Nach Chefvolkswirt Peter Praet lenkte mit Mersch nun schon ein zweites Mitglied aus dem sechsköpfigen EZB-Führungsteam den Blick auf mögliche Änderungen beim geldpolitischen Ausblick. Unterdessen werden nach dem Sieg von Emmanuel Macron bei der französischen Präsidentenwahl Rufe aus der deutschen Wirtschaft nach einer Kurswende EZB lauter. Mersch plädierte für ein vorsichtiges Vorgehen. „Jedwede Diskussion sollte natürlich in einer strukturierten, geordneten und angemessen umsichtigen Weise stattfinden.“

Mit der Wahl des Pro-Europäers Macron schwindet ein erheblicher Teil der politischen Unsicherheit. Außerdem rückt die EZB-Geldpolitik stärker in den Blick, weil die jüngsten Inflations- und Wirtschaftsdaten für die Euro-Zone zum Teil überraschend positiv ausgefallen waren.

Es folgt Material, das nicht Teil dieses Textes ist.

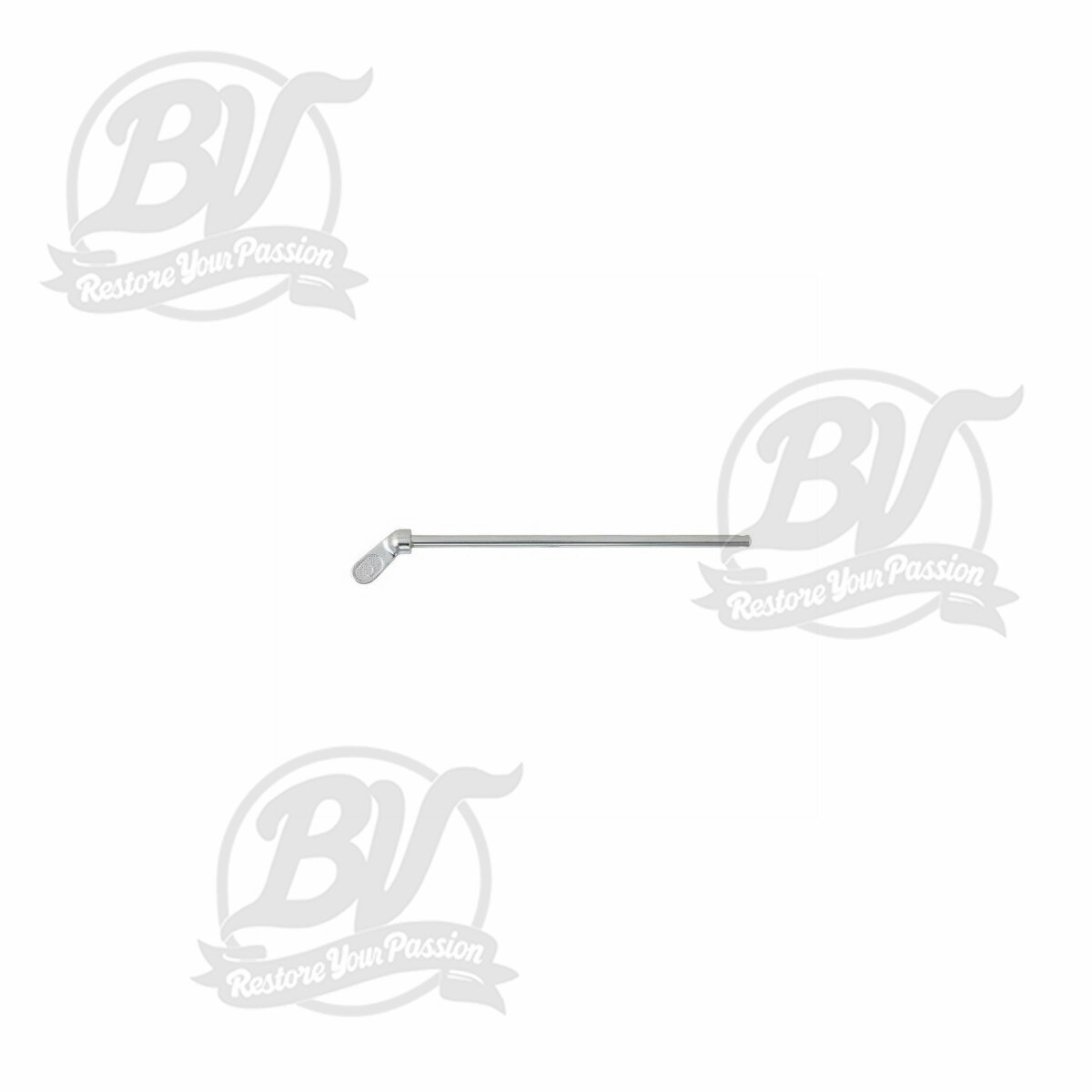 Tirette de robinet d'essence aluminium L=165mm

Die Markterwartungen hinsichtlich Deflationsrisiken und weiterer Zinssenkungen hätten inzwischen nachgelassen, sagte Mersch. „Und der Fokus beginnt sich in Richtung einer Normalisierung der Geldpolitik in der Zukunft zu verändern.“ Der EZB-Rat sei zwar davon überzeugt, dass eine lockere Geldpolitik immer noch nötig sei. So hatte EZB-Präsident Mario Draghi erst unlängst darauf verwiesen, dass die Inflationsdynamik immer noch nicht kräftig genug ist. Aber Mersch zufolge kann die Zentralbank das Zusammenspiel der einzelnen Schritte in einer Situation sich weiter aufhellender wirtschaftlicher Perspektiven prüfen.

Aus Sicht des EZB-Direktors muss der geldpolitische Ausblick zu der sich ändernden Einschätzung der Wirtschaftsaussichten passen. So liege es in „realistischer Reichweite“, dass die EZB die Risiken für die Wirtschaft als ausbalanciert einstufen könne. Bisher überwiegen in ihrer Bewertung noch die Gefahren. Manche Experten halten es für möglich, dass die Währungshüter nun im Juni aus ihrem Ausblick Hinweise auf eine nötigenfalls noch expansivere Geldpolitik streichen.

Im April hatten die Euro-Wächter trotz einer optimistischeren Einschätzung der Konjunkturperspektiven noch an ihrer Politik der weit offenen Geldschleusen festgehalten. So beließ die EZB ihren Leitzins auf dem Rekordtief von 0,0 Prozent. Auch die in Deutschland umstrittenen Käufe von Staatsanleihen und anderen Wertpapieren sollen wie geplant bis mindestens Ende 2017 fortgesetzt werden – und dann ein Volumen von 2,28 Billionen Euro erreichen.